AFP – Nem tudo está fora de controle em Miami Beach. A poucos quarteirões dos milhares de turistas americanos que forçaram o estado de emergência, os moradores fazem ioga na praia ao amanhecer e recolhem o lixo deixado pelos visitantes.
“Foram dias difíceis com as férias de primavera”, diz Radha Silva, a instrutora. “Como residentes, somos cautelosos e preferimos nos afastar e ir para a praia bem cedo pela manhã.”
Em 10 anos que mora em Miami Beach, essa “iogue” brasileira de 49 anos nunca viu tanta gente. “Acho que é por causa da pandemia, ou seja o que for que as pessoas estão passando.”
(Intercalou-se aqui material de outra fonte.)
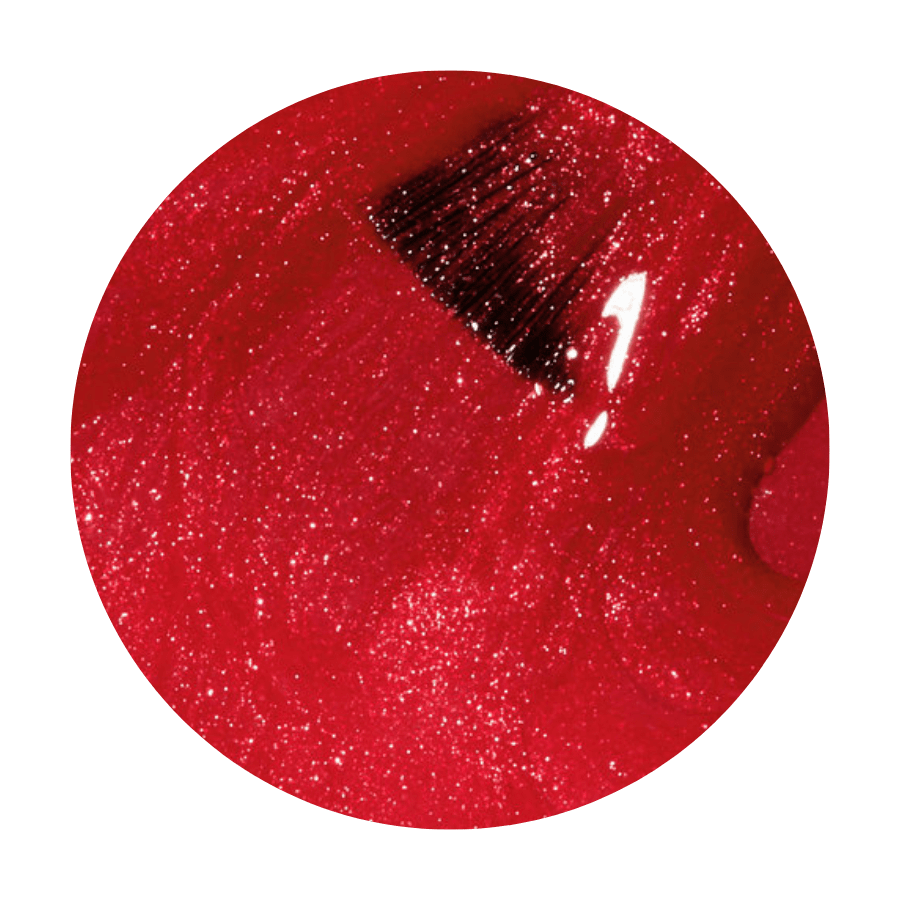 OPI LACQUER #NLH69 GO WITH THE LAVA FLOW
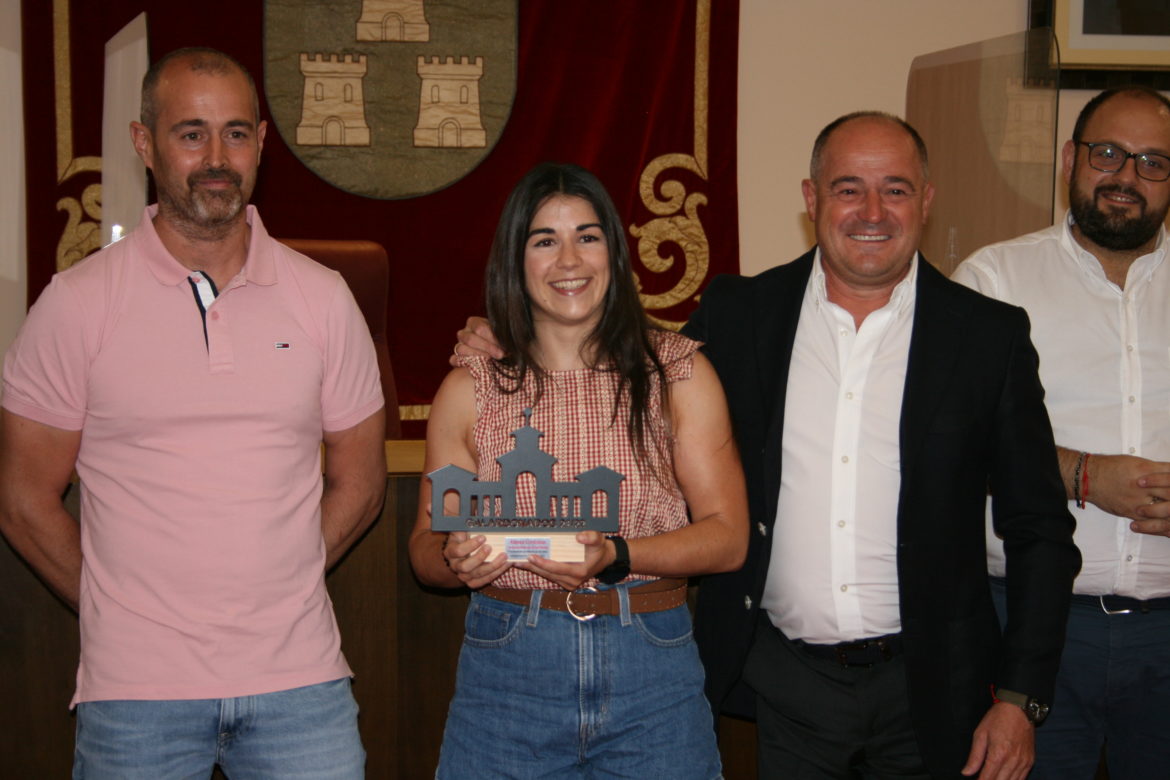 Reconocimiento de la ciudad de Albacete a sus clubes y deportistas más destacados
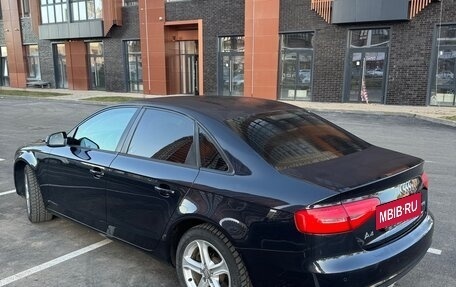 Audi A4, 2012 год, 1 250 000 рублей, 5 фотография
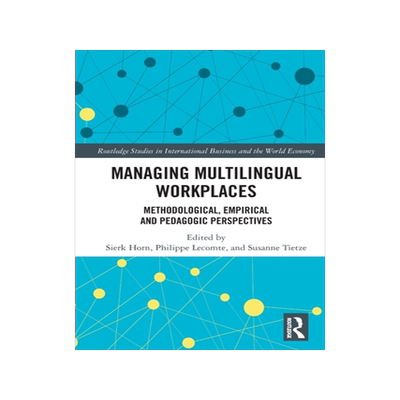 [预订]Managing Multilingual Workplaces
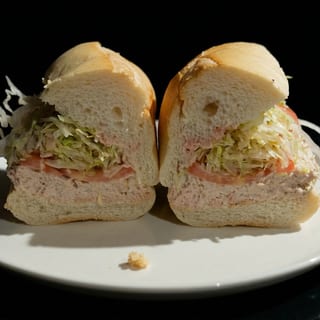 Tuna Fish Sandwich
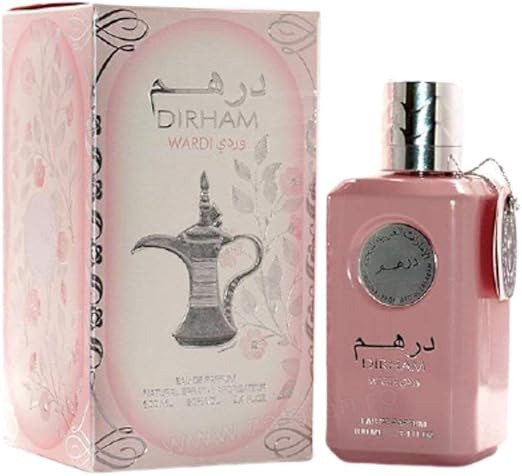 Dirham Wardi - Royal Parfums
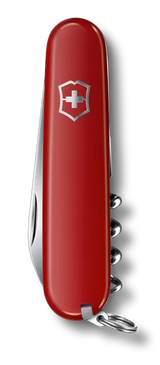 Victorinox -Kellner, 84 mm, rot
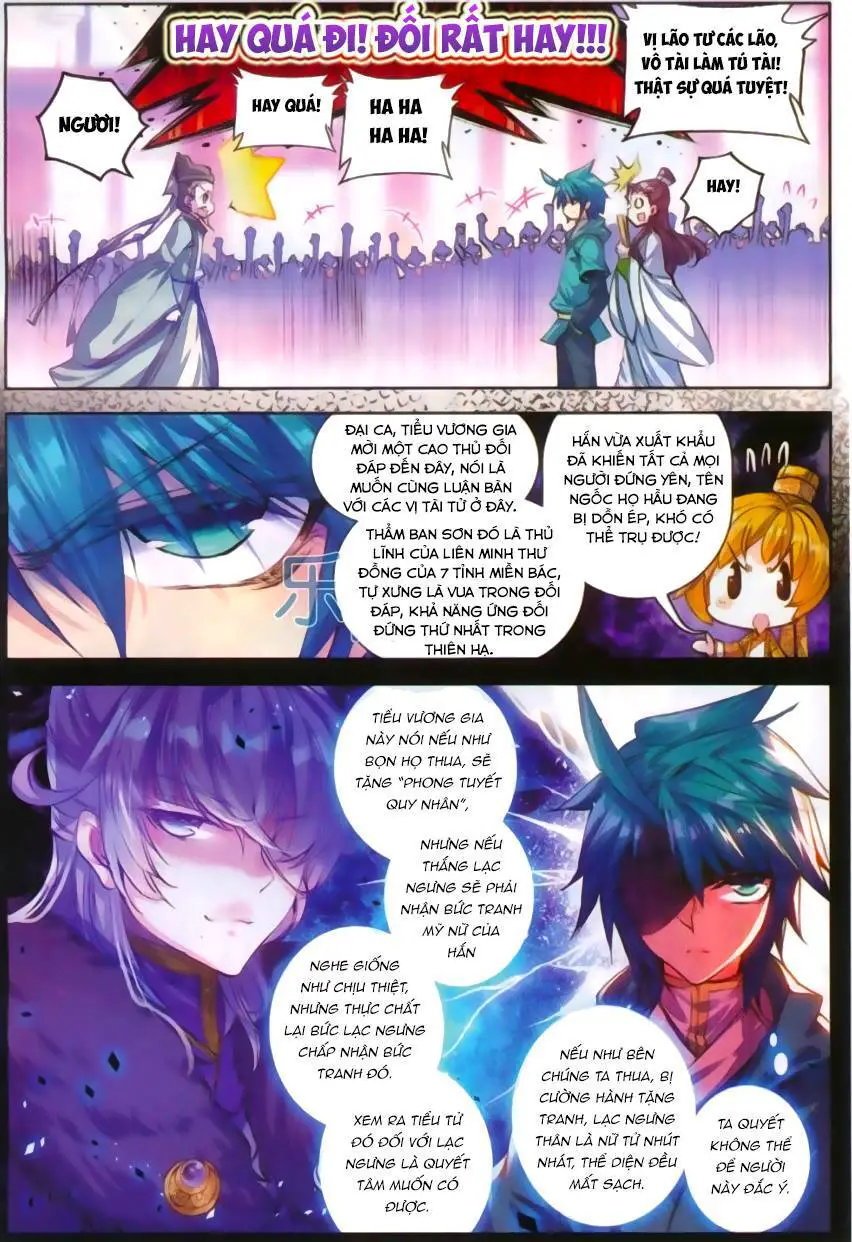 Cực Phẩm Gia Đinh Nettruyen ZZZ Chương 66 Page 13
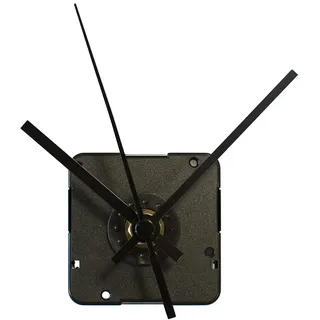 TFA Quarz-Uhrwerk 60.3024.01 leises Sweep-Uhrwerk 17 mm Schwarz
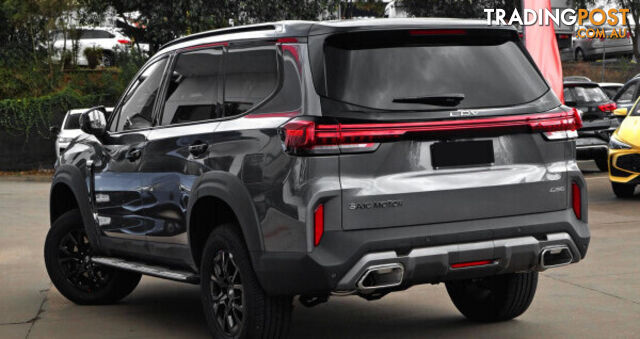 2026 LDV D90 EXECUTIVE SV9A MEDIUM SUV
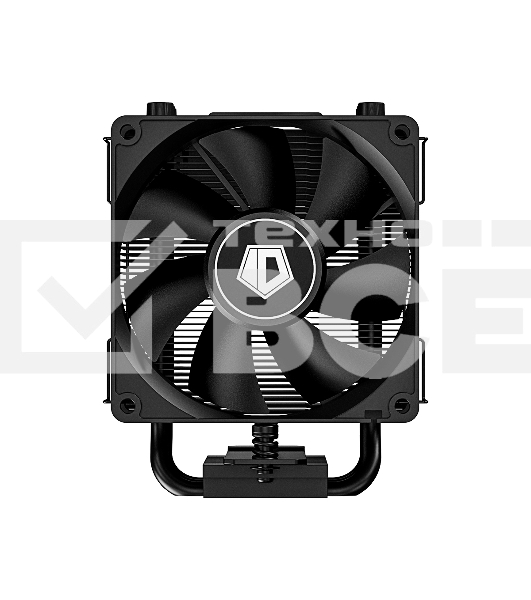 Кулер для процессора ID-COOLING SE-903-XT черный 92мм алюминий+медь 2200rpm 26db 4-pin 130W 123мм
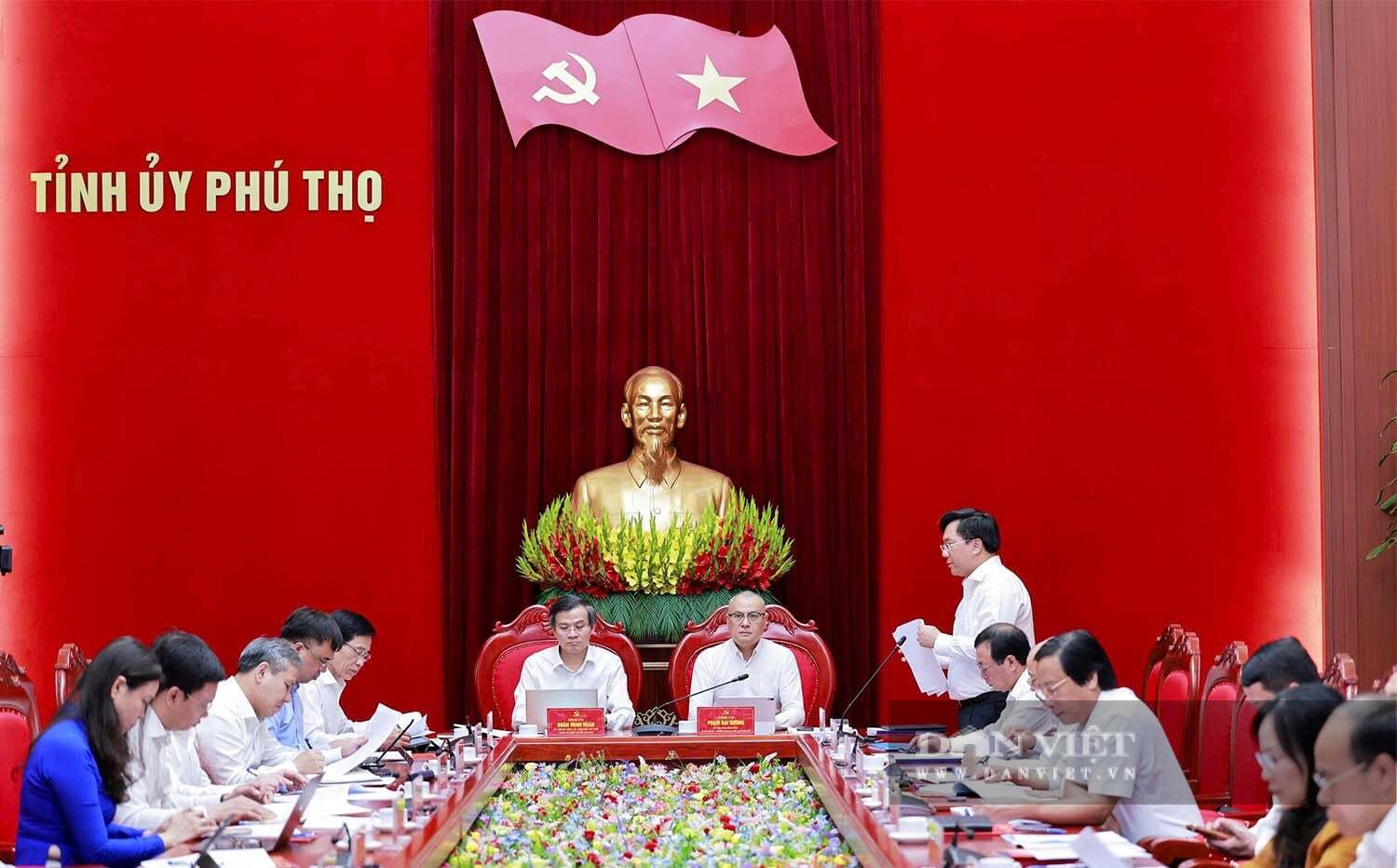 Phú Thọ vào Top 10 địa phương thu ngân sách lớn nhất cả nước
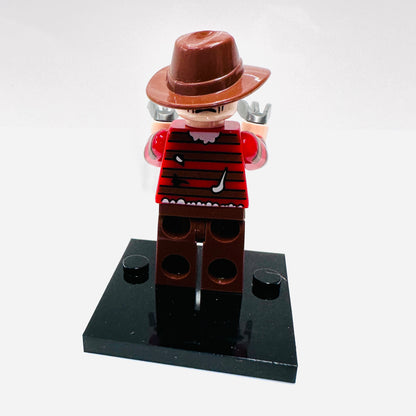 Custom Freddy Minifigure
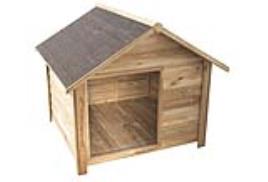Casota de cão MADEIRA WILLOW 101X114X100CM
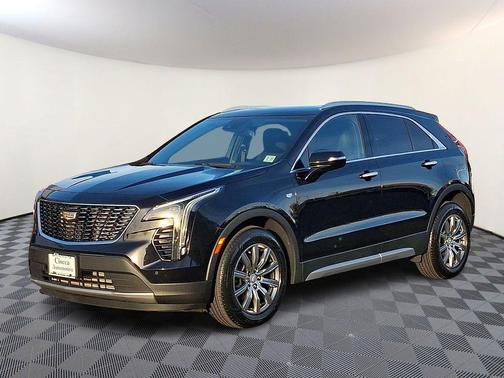 2022 Cadillac XT4 Premium Luxury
Todo mês de março, essa pequena ilha do sul da Flórida é destino de milhares de turistas, principalmente estudantes, que vêm de todo o país em busca de clima quente e vida noturna.
Neste ano, a cidade foi inundada por um número incomum de turistas após um ano de tristeza e privação. Eles dançam seminus nos tetos dos carros enquanto passam as garrafas de mão em mão, celebrando o que equivocadamente percebem como o fim da pandemia, muitas vezes com brigas e tiros para o alto.
“Você está aqui curtindo a praia, sabe, é uma boa vibração“, diz Joseph, um jovem turista de Nova Jersey. “Acabou o Corona, acabou o inverno, vacine-se, volte ao normal.”
No entanto, as “boas vibrações” saíram do controle e, desde fevereiro, a polícia confiscou 80 armas e fez mais de 1.000 prisões, cerca de 400 delas por crimes graves.
Além disso, na segunda-feira, foi registrada a prisão de dois homens por drogar e estuprar uma mulher, que mais tarde foi encontrada morta em seu quarto de hotel.
Sitiados em sua cidade
Em resposta, as autoridades impuseram um toque de recolher aos fins de semana nas ruas mais turísticas, que valerá até meados de abril, e ordenaram o fechamento das três pontes que ligam a ilha a Miami durante a noite.
Mas a apenas alguns quarteirões das festas na Ocean Drive, Miami Beach é um bairro tranquilo de classe trabalhadora, com habitantes de todo o mundo.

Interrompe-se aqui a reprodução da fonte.